Key insight: Cleanup agents are the janitorial staff of the codebase. They’re not glamorous, but without them, entropy wins. Schedule them weekly. Review their PRs with the same rigor as feature PRs.
sync
Documentation Consistency Agents
Keeping docs in sync with code
The Problem
Documentation drifts from code faster than any other artifact. API docs describe endpoints that no longer exist. READMEs reference deprecated patterns. The CLAUDE.md itself may contain rules that no longer match the codebase. Stale documentation is worse than no documentation because it actively misleads the agent.
The Solution
A documentation consistency agent compares documentation against the actual codebase and flags discrepancies. It can run after every significant PR merge to check whether the change invalidated any existing documentation. When it finds a discrepancy, it either auto-fixes or creates a ticket for human review.
Rule of thumb: If your CLAUDE.md hasn’t been updated in a month but your codebase has changed significantly, it’s probably stale. Documentation consistency agents prevent this drift automatically.
error
Error Pattern Tracking
Learning from agent mistakes across sessions
The System
Error pattern tracking logs every mistake the agent makes across all sessions: what the agent did wrong, what the correct action was, and what constraint or rule would have prevented it. Over time, this builds a failure taxonomy — a structured catalog of how agents fail in your specific codebase.
Using the Taxonomy
The failure taxonomy drives harness improvement: frequent failures become new lint rules or constraint document entries.
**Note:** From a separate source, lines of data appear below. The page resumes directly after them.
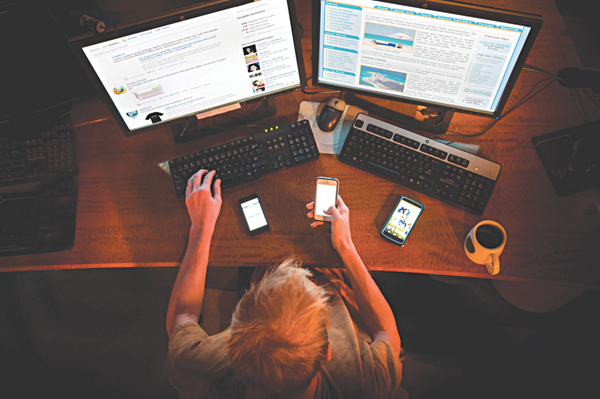 Tác động của việc sử dụng mạng xã hội đến sự tự trọng: Lợi ích và hệ lụy 4 Tác hại của mạng xã hội và sức khỏe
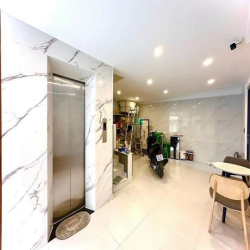 Nhà Phố hiện đại - Thiết kế Lửng - Thang máy - Mặt tiền hẻm 6m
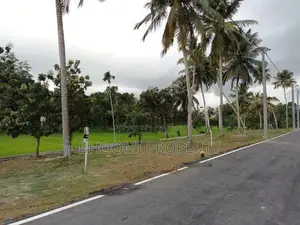 ලැබීම නව පරිපාල නගරයෙන් අගනා බිම් කොටස්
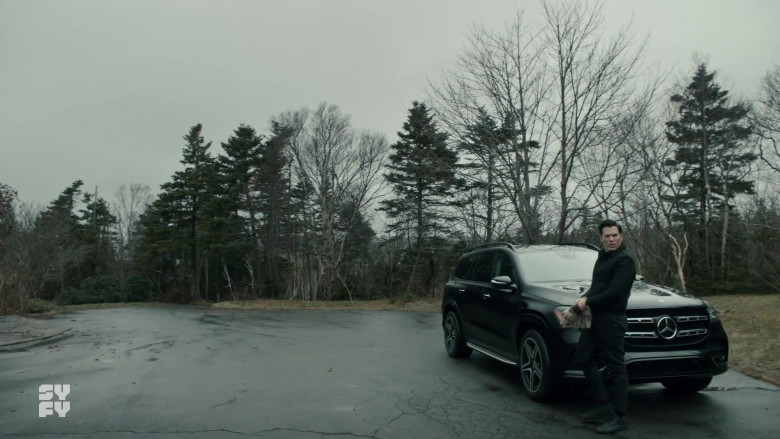Mercedes-Benz GLS Car of Tim Rozon as Luke Roman in SurrealEstate Season 1 Episode 8 (4)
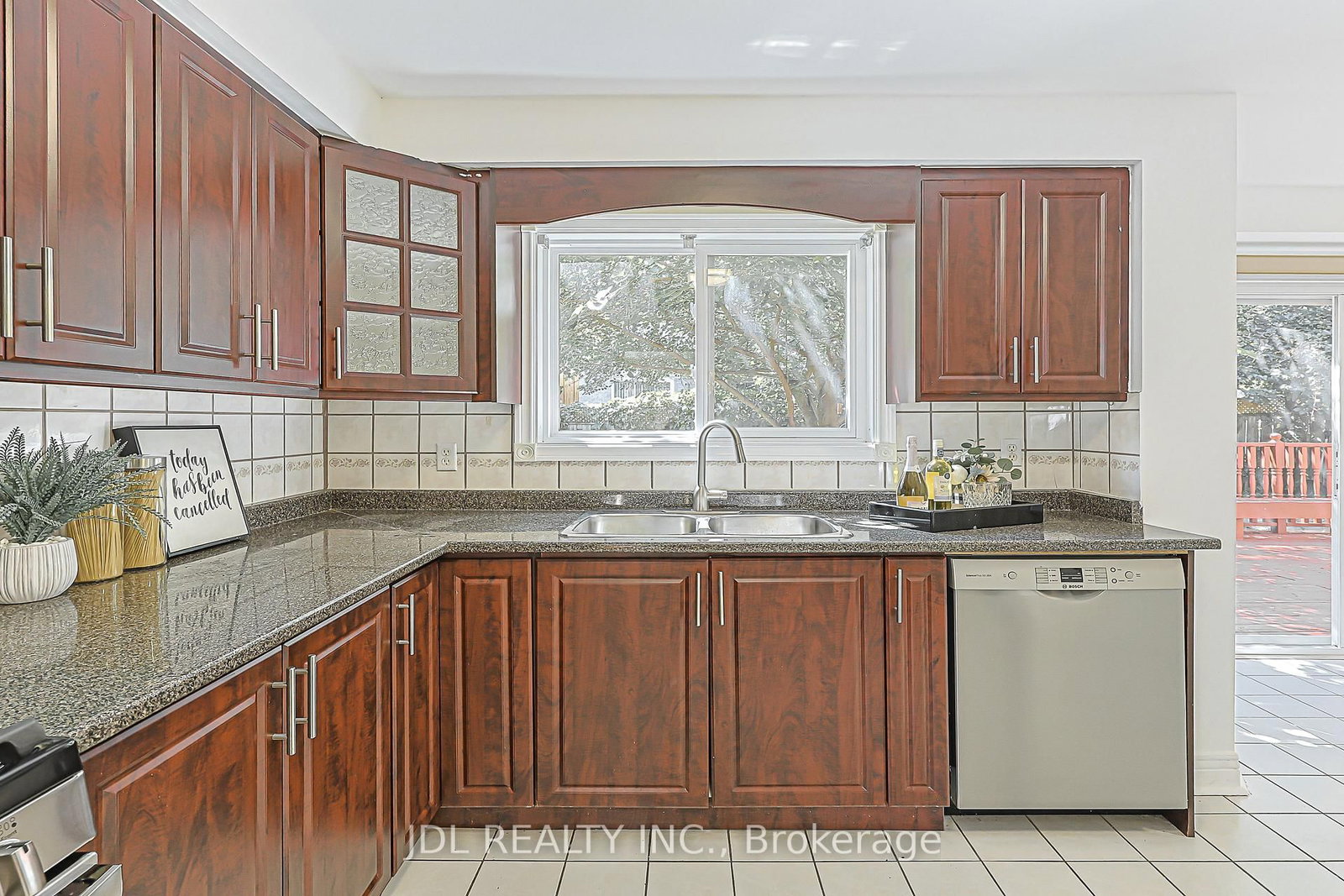 676 Ceremonial Drive • Mississauga, ON photo 18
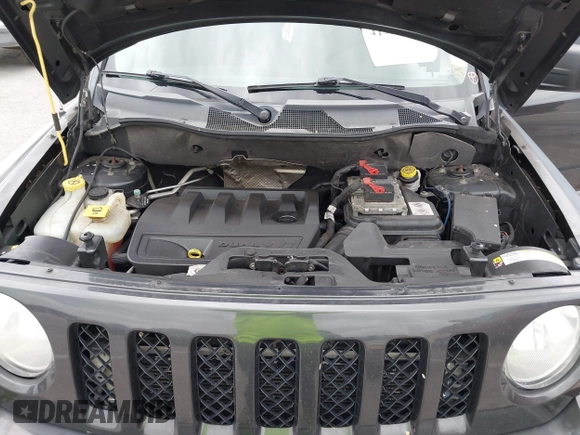 2011 Jeep Patriot Latitude X with VIN 1J4NF4GB2BD115286, listed as a IAAI auction lot 41929193 with 127,818 mi miles and . Bid and sale history available at DreamBid. Image 10.
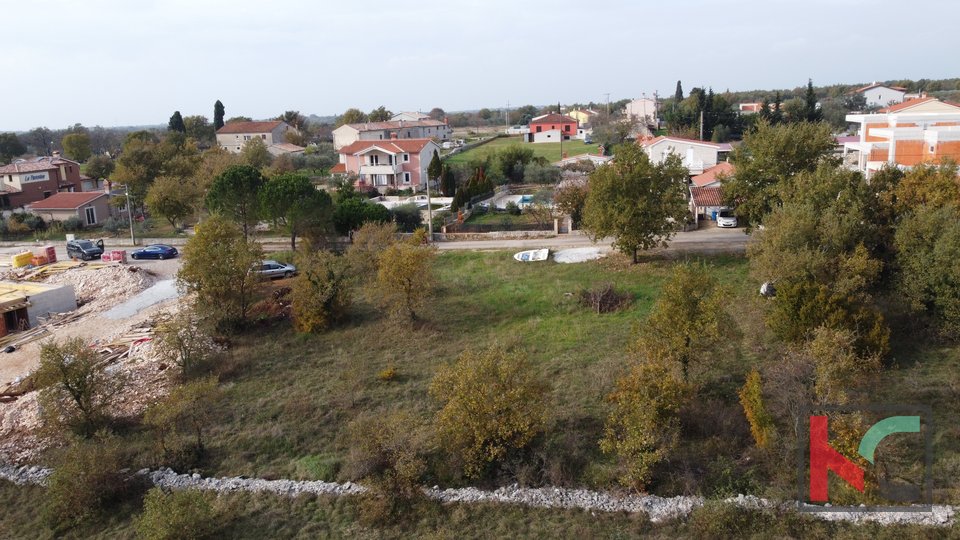 Istria, Vodnjan, building land 1002m2, #for sale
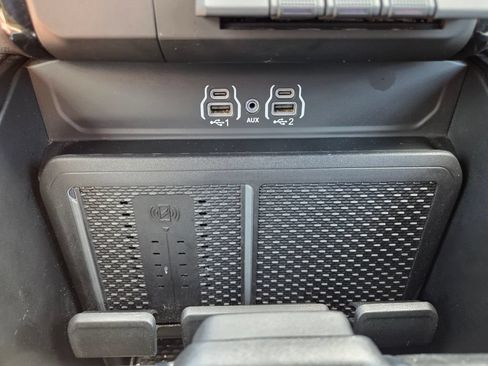 Used 2025 RAM 1500 Big Horn AWD/4WD image 30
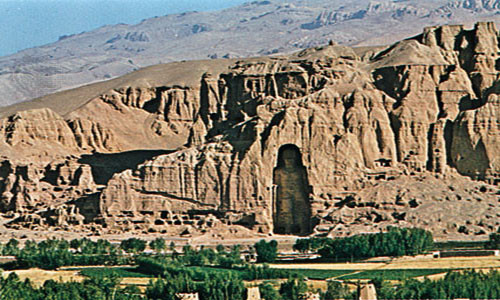 Bamiyan nổi tiếng với các bức tượng Phật khổng lồ đã được chạm khắc vào núi đá gần 1.000 năm trước. Ảnh: Britannica.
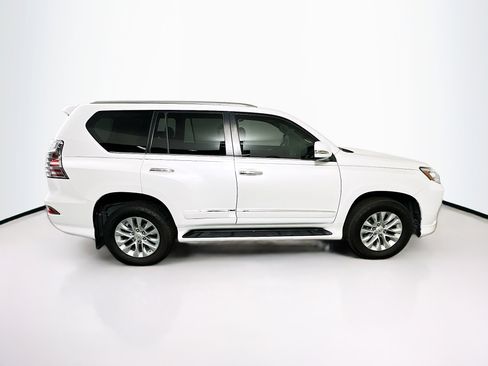 Used 2018 Lexus GX 460 Premium w/ Premium Package image 10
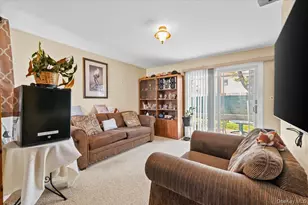 55 Harriet Ave, Hempstead, NY 11550 - Photo 8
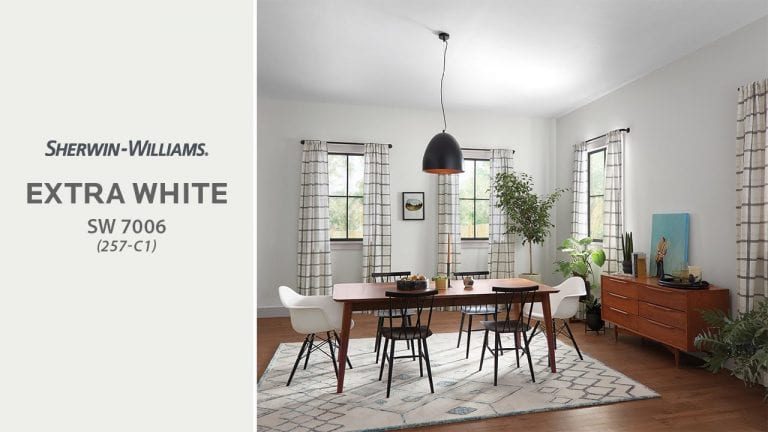 jedalen-okna-biele-steny-stol-stolicky-zavesy-dekoracie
Rare but severe failures become structural tests. Novel failures get investigated to understand whether they represent a new failure mode or a one-off. The taxonomy turns reactive firefighting into proactive prevention.
Key insight: Without error tracking, you fix the same types of mistakes repeatedly. With it, every mistake is an investment in prevention. The harness gets smarter with every failure it records.
balance
Entropy Budget
Managing the rate of codebase change
The Concept
Just as token budgets manage context window usage, an entropy budget manages the rate of codebase change. If agents are merging 100 PRs per week, the codebase is changing faster than humans can review for consistency. Setting limits on the rate of change — and scheduling cleanup proportionally — keeps entropy manageable.
Practical Guidelines
For every 10 feature PRs, schedule 1 cleanup PR. This 10:1 ratio keeps entropy from accumulating.

Weekly consistency scans catch drift before it compounds.

Monthly constraint document reviews ensure rules match reality.

Quarterly architecture audits verify the big picture is still coherent.
Key insight: Entropy management is the long game of harness engineering. Individual tasks succeed or fail based on constraints and review. But the codebase’s long-term health depends on actively managing the cumulative effect of thousands of agent-generated changes.